MATERIAL FOR THIS TASK below:
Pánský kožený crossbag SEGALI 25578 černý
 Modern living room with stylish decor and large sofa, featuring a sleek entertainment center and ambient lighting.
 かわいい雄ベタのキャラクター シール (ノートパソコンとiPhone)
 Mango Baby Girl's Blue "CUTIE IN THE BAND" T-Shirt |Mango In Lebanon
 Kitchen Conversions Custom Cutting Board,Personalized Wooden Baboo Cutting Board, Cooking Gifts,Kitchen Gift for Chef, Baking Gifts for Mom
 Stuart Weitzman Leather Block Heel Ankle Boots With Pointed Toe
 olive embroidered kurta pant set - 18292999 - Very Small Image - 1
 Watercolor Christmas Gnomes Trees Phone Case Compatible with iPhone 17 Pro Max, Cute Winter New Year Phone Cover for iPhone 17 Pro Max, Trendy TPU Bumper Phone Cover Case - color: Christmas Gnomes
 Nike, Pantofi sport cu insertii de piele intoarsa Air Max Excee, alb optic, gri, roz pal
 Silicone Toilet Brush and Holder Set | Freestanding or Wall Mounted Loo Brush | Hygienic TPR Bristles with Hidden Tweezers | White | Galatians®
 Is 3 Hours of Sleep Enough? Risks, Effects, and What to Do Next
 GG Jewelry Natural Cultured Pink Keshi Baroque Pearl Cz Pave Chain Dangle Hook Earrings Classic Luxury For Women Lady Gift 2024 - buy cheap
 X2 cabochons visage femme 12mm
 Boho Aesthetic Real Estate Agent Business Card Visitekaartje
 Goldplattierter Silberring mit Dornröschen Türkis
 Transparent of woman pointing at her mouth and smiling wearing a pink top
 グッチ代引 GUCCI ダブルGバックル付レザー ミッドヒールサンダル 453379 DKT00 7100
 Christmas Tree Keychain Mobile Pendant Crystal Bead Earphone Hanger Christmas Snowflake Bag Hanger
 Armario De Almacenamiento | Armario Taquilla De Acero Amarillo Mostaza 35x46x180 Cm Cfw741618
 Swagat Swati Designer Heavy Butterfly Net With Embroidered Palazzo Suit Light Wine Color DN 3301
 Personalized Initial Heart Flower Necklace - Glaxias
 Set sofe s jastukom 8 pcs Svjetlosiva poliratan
End of MATERIAL FOR THIS TASK.
With the line containing "Mango Baby Girl's" as the last one, please set down exactly the lines of the records above from their very first line, and nothing more.

OUTPUT:
Pánský kožený crossbag SEGALI 25578 černý
 Modern living room with stylish decor and large sofa, featuring a sleek entertainment center and ambient lighting.
 かわいい雄ベタのキャラクター シール (ノートパソコンとiPhone)
 Mango Baby Girl's Blue "CUTIE IN THE BAND" T-Shirt |Mango In Lebanon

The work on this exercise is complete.